Rewrite main.rs to call into the library by its package name. Since the library crate shares the package’s name, you can refer to it with crate:: from the binary’s perspective — but only if you declare the library as an external crate with extern crate (rarely needed in Rust 2018+). In modern editions, the library is automatically available under the package name.

// src/main.rs (after)
fn main() {
    let result = my_project::math::add(3, 5);
    println!("Result: {}", result);
}

Replace my_project with the actual package name defined in Cargo.toml. If you rename the package later, adjust this path accordingly.

After these steps, cargo run compiles the library, then the binary that depends on it, and runs the executable. The business logic now lives in a reusable crate.

You now have a library:

If cargo build completes without errors, your project structure is correct. The library appears in target/debug/ as an .rlib file alongside your binary. Other crates can now depend on your logic by adding this package to their Cargo.toml.
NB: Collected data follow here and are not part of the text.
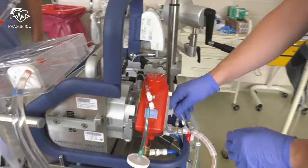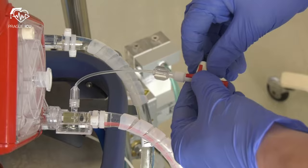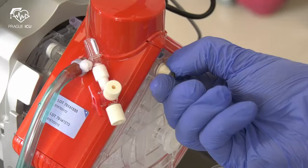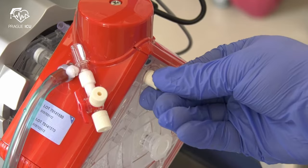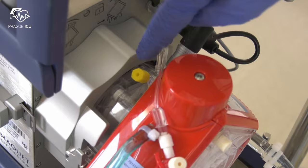De-air the lower luer-lock connectors before and behind the oxygenator. Make sure that the entire set is de-aired. Close the de-airing membrane with the yellow cap.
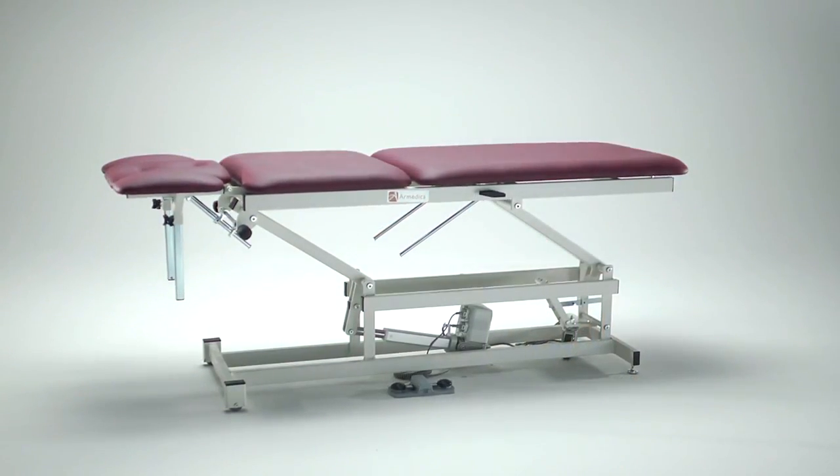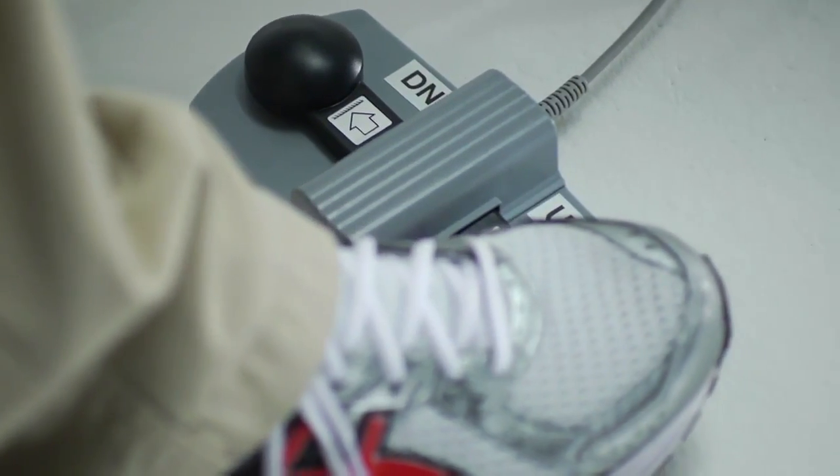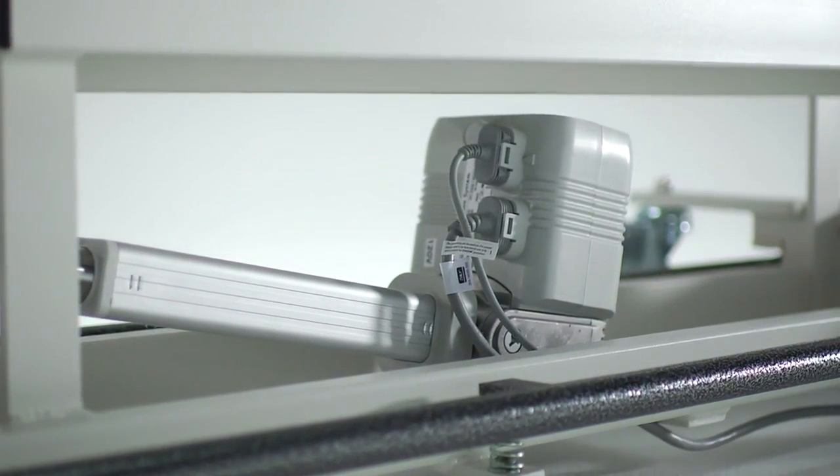This is the AM555. It is equipped with our standard footswitch high-low control and power-assisted caster system. Our standard motor is rated for 1,798 pounds of force.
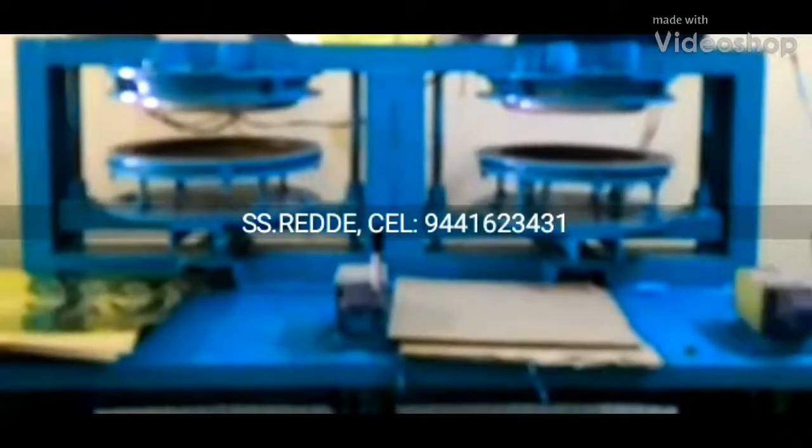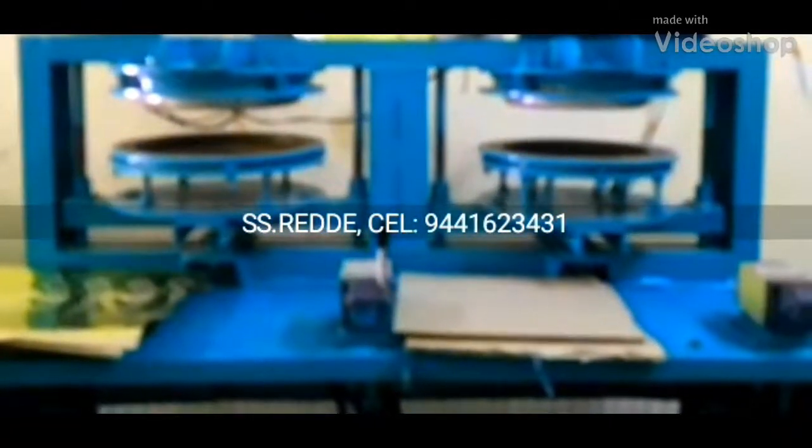Welcome to the Royal Indian Airworks. Here we have a double-die paper plate. This is a double-die paper plate machine.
Don't leave private items in the library root:

A common mistake is to write a library function in lib.rs without marking it pub and then wonder why the binary cannot find it. The function exists inside the library crate, but because it is private, it is inaccessible from outside — including from the binary that lives alongside it. Always check that the path from the binary to the item traverses only pub boundaries.

The src/bin Directory for Multiple Binaries

A package with a single executable alongside a library covers many use cases. But sometimes you need several standalone programs that share the same underlying logic — a CLI tool, a background daemon, a maintenance utility, all built from one set of source files. Rust supports this directly through the src/bin directory.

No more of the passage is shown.